Ogni volta che ci si avvicina alla stesura della legge di bilancio, ci si ricorda che la spesa pubblica complessiva è esagerata. Il divario tra entrate pubbliche, inferiori ai 700 miliardi e le spese finali che si avvicinano ai 900 miliardi, produce un saldo netto da finanziare di circa 200 miliardi di euro. Una maggior efficienza, con tagli alle spese statali superflue produrrebbe maggior liquidità nella casse dello Stato. E il solo modo per ottenerlo sono i processi di revisione della spesa pubblica. Bene però ricordare che la percentuale della nostra spesa pubblica in percentuale sul Pil è inferiore a quella francese e all’incirca pari a quella tedesca; ma in entrambi gli altri casi l’efficienza e la qualità dei servizi pubblici è sicuramente molto migliore della nostra.

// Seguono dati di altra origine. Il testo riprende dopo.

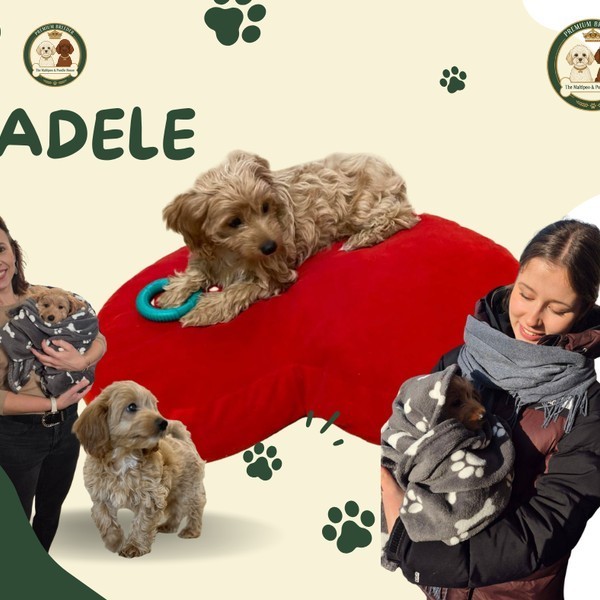 Nowy rozdział Adele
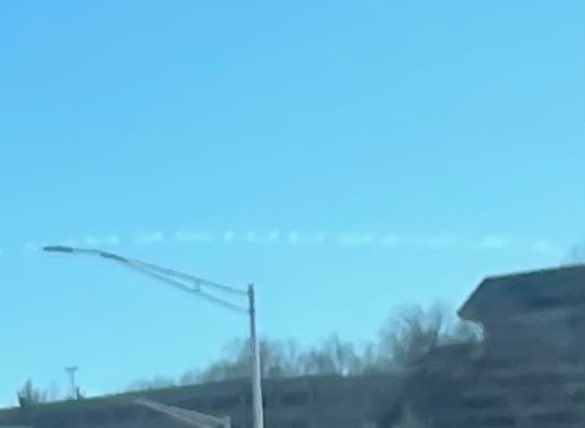 Dani🇺🇸🇮🇹 tweet media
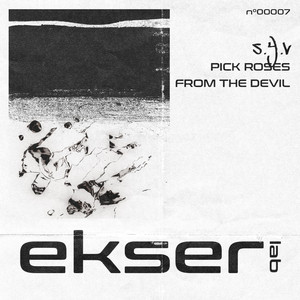 Pick Roses from the Devil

Da inizio secolo tutti i Governi hanno ipotizzato una consistente spending review: peccato che nessuno abbia avuto il coraggio, o meglio la capacità, di attuarla riducendo gli sprechi. Sprechi che superano i 200 miliardi di euro, pari al doppio dell’evasione fiscale presunta di oltre 100 miliardi e di 34 superiore alla spesa sanitaria. Burocrazia e debiti commerciali della PA nei confronti dei fornitori, giustizia civile, eccesso della spesa, sprechi e inefficienze sono i capitoli che determinano la spesa extra large.

E il peso sul consenso elettorale dei 3,2 milioni di addetti, li tiene al riparo da interventi di efficientamento. Da decenni servirebbero risorse fresche investire in infrastrutture pubbliche e sostenere l’accelerazione dell’innovazione delle imprese per aumentare la produttività e renderle maggiormente competitive nel contesto internazionale, ma ogni anno si rinvia al successivo e i ritardi sono sempre più incolmabili. Lo dimostrano i 20 anni di bassa crescita del Pil.